Chaos engineering helps your organisation to answer fundamental questions about how your services perform when unexpected events occur. Does the service operate normally during traffic surges, or if there’s a single point of failure that crashes an app, or a network connection?
However, it’s critical to plan your Chaos Day so that these answers are captured during experiments, shared with your team in the immediate aftermath of the Chaos Day, and that knowledge applied to your systems and processes to make improvements and build system resilience.
The day after the Chaos Day
It’s wise to allow people 24 hours after a Chaos Day to ‘wind down’ and think about the experience. Then it’s time to hold a post-mortem style retrospective where the team can analyse what happened.
Some great resources for holding such retrospectives include:
- Jeli.io’s incident review guide
If several teams were involved in the Chaos Day, ask each team to run their own Chaos retrospective, then feed their top insights into a team-of-teams retrospective.
What happens in a chaos retrospective?
Remember, the purpose of a chaos retrospective is to capture learning and identify improvements that can be applied to your systems.
We recommend involving the whole team in the Chaos retrospective, not just agents of chaos and responders. Split the time into sections (or separate meetings) that focus on the following:
What did we learn from the experiments?
For each experiment, consider what the activity logs reveal about system behaviour, focusing on new knowledge, rather than just creating a long list of improvement tasks. If ideas for improvement do come up, assign someone to review these ideas later.

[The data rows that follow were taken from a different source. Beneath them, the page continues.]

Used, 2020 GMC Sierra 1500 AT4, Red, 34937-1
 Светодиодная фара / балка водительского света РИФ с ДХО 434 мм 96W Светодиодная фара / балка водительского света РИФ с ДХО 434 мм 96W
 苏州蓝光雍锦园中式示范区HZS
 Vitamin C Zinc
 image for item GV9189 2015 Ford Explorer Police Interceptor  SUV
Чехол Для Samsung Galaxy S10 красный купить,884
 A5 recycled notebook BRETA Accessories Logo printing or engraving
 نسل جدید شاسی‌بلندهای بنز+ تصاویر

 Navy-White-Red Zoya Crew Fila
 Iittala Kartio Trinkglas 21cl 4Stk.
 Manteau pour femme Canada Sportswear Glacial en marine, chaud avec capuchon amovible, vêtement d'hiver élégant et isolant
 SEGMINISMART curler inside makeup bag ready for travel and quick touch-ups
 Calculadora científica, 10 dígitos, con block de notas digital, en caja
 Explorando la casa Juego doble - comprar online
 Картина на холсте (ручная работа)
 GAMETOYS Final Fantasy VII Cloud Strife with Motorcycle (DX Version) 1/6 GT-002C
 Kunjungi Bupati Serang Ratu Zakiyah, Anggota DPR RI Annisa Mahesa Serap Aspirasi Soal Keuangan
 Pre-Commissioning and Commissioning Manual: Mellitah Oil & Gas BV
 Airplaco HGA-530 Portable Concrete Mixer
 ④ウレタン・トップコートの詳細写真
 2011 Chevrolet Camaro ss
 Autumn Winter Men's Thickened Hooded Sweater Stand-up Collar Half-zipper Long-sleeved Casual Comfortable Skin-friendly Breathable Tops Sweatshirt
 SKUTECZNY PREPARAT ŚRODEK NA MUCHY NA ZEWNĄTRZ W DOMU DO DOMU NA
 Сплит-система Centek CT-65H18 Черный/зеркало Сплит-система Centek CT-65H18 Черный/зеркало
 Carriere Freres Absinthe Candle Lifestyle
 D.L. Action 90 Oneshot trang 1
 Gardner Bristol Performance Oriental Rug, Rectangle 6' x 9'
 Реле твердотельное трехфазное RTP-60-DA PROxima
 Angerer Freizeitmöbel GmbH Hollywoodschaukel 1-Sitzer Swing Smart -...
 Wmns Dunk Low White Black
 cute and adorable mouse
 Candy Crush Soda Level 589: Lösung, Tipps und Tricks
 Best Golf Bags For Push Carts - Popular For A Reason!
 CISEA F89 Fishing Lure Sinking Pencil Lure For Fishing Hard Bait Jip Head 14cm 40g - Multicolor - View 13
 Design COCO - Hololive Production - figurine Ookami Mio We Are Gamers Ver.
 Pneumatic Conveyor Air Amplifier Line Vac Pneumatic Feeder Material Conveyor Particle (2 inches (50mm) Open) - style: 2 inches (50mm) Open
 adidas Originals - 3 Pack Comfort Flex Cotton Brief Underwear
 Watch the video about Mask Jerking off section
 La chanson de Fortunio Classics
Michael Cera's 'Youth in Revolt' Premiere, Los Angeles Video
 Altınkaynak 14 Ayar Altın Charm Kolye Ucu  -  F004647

Similarly, don’t get distracted by trying to ‘solve’ every issue, because the focus of the retrospective is on documenting learning from the chaos day, not solving each specific problem.
It’s important to create reviews that are thorough and encourage transparency, which means avoiding any ‘blame’ for a failure on an individual’s actions. Instead, for each action, consider:
- What happened?
- What was the impact on system performance?
- Why did this occur?
- What can we learn from this?
- How could we prevent this failure in future?
How do we improve future Chaos Days?
Spend the final ten minutes of the meeting noting the success of the Chaos Day itself. Note down what changes you could make to improve future Chaos Days.
What improvement considerations/ideas should be added to the team backlog?
The most important aspect of post-Chaos Day learning is to prioritise fixing the findings of the Chaos Day over developing new features. Ensure that senior stakeholders are committing to applying improvements identified by the Chaos Day, and assign improvement ideas to a specific member of the team.
Share the knowledge
Chaos Days can offer important insights and learning well beyond your immediate team. However, it’s important to note that not all stakeholders will be interested in the technical aspects of experiments and performance logs. After a retrospective meeting, capture the knowledge and share it in a form that is accessible to the wider organisation.
You should make this knowledge easy for other teams to find and consume. Consider writing publically about what you’ve done and learnt on an internal blog or platform such as Slack. Chaos engineering is still in its infancy in the software engineering discipline and making experience reports public will help this important practice mature.